Expression parsers #
We are now ready to translate the railroad diagram into parsers.
Each rule will be translated into a parser that produces an Exp
instance.
The simplest case is the rule for const
which we can express
by adjusting the result of the INTEGER
parser as follows.
// <const> ::= <integer>
private static final Parser<Exp> CONST = INTEGER.map(Num::new);
The remaining rules all have a similar structure:
they consist of alternative branches
where the first branch is a sequential parser.
We can expect to use flatMap
for the sequential parsing and or
for the alternatives.
As all of the remaining rules refer to themselves or each other recursively,
we define methods instead of constants to implement them,
because for constants such cyclic references are not allowed in Java.
The first rule for expr
can be translated into a parser as follows.
// <expr> ::= <term> "+" <expr> | <term>
private Parser<Exp> expr() { // <expr> ::=
final Parser<Exp> opExpr =
term().flatMap(fst -> // <term>
Parser.forChar().filter(chr -> chr == '+').flatMap(chr -> // "+"
expr().map(snd -> // <expr>
new Bin(chr, fst, snd))));
return opExpr.or(term()); // | <term>
}
Here, we define a parser opExpr
for the seequential part of the rule
and return an alternative parser as result.
The sequential part is expressed with two calls to flatMap
.
Finally, map
is used to adjust the result of the last parser in the sequence
and combine the results of all parsers in a Bin
instance.
The rule for term
can be translated similarly.
// <term> ::= <factor> "*" <term> | <factor>
private Parser<Exp> term() { // <term> ::=
final Parser<Exp> opTerm =
factor().flatMap(fst -> // <factor>
Parser.forChar().filter(chr -> chr == '*').flatMap(chr -> // "*"
term().map(snd -> // <term>
new Bin(chr, fst, snd))));
return opTerm.or(factor()); // | <factor>
}
The definition of term
has the same structure as the definition of expr
,
but the parsers filling in the holes of this structure are all different.
Finally, we translate the rule for factor
into a parser
to complete our implementation.
// <factor> ::= "(" <expr> ")" | <const>
private Parser<Exp> factor() { // <factor> ::=
final Parser<Exp> parenthezised =
Parser.forChar().filter(chr -> chr == '(').flatMap(_lp -> // "("

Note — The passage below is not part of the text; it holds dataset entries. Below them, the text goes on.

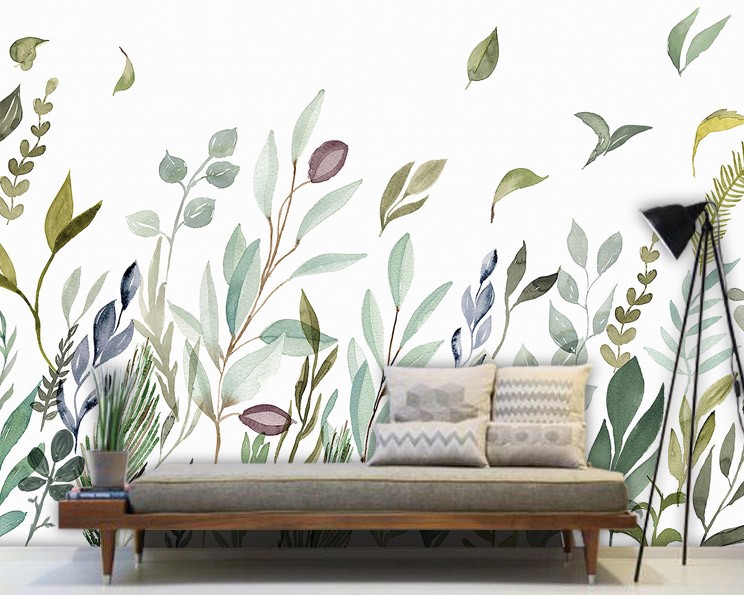 hel monteren mond Artistiek Tekenen Planten Behang 3D-behangen | 3D-achtergronden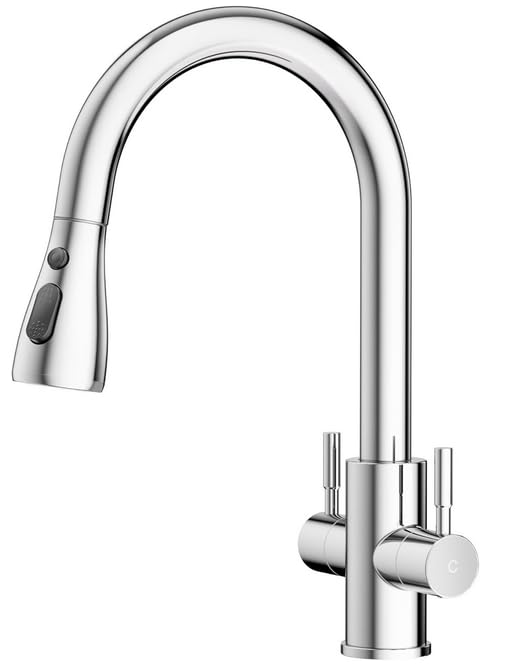 FORIOUS Kitchen Mixer Tap, Monobloc Dual Lever Sink Mixer Tap 1 Hole with Dual Lever 360 Swivel 3 Way Kitchen Faucet, Polished Chrome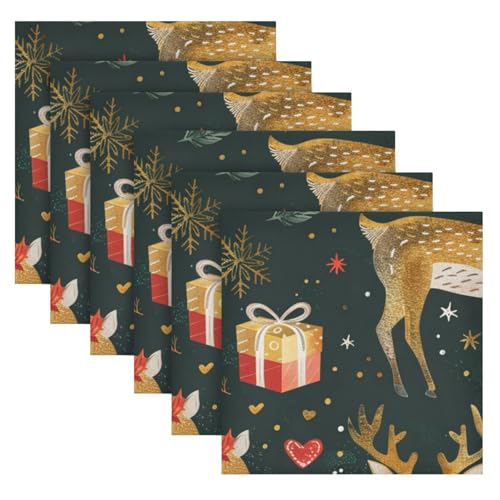 Servilletas de Tela Navidad Multicolor 20x20 in Set x6 miniatura 2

expr().flatMap(exp -> // <expr>
Parser.forChar().filter(chr -> chr == ')').map(_rp -> // ")"
exp)));
return parenthezised.or(CONST); // | <const>
}
This parser has a slightly different structure than the previous ones because two of the results in the sequential parser (the left and right parentheses) are ignored in the produced result.
Tasks #
Generalized operator parsing #
Refactor the parser definitions to generalize the parsing of operator symbols.
-
First, extend the
ExpParser
class by a method with the following signature.private Parser<Character> opCharIn(String chars);
This method should return a parser for characters that are contained in the given string. Modify the
expr
andterm
parsers to useopCharIn
. Check that the tests for the expression parser still pass. -
Change the calls to
opCharIn
to allow for more arithmetic operators, at least adding operator symbols for subtraction and division. Make sure to add new operator symbols in such a way that their usual precedence rules are respected. Add tests to verify that your extension is correct. -
Change the definition of
opCharIn
to allow an arbitrary number of whitespace characters before and after the operator symbol. Add tests to verify that expressions can be parsed with an arbitrary amount of whitespace before and after binary operator symbols.
Interactive evaluation #
Implement an interactive evaluator of arithmetic expressions as command line program. Here is an example interaction:
Enter arithmetic expressions to evaluate them, press ^C to quit.
eval> 6*3 + 4
((6 * 3) + 4) = 22
eval> 6 * (3+4)
(6 * (3 + 4)) = 42
eval> 5 % 2
parse error for: 5 % 2
eval> 1/0
(1 / 0) = undefined
eval> 50 - 50/6
(50 - (50 / 6)) = 42
eval> ^C
Use the lines
method provided by BufferedReader
to process inputs in a stream pipeline.
Implement error handling for parse errors and division by zero
as shown in the example as well as for possible I/O exceptions.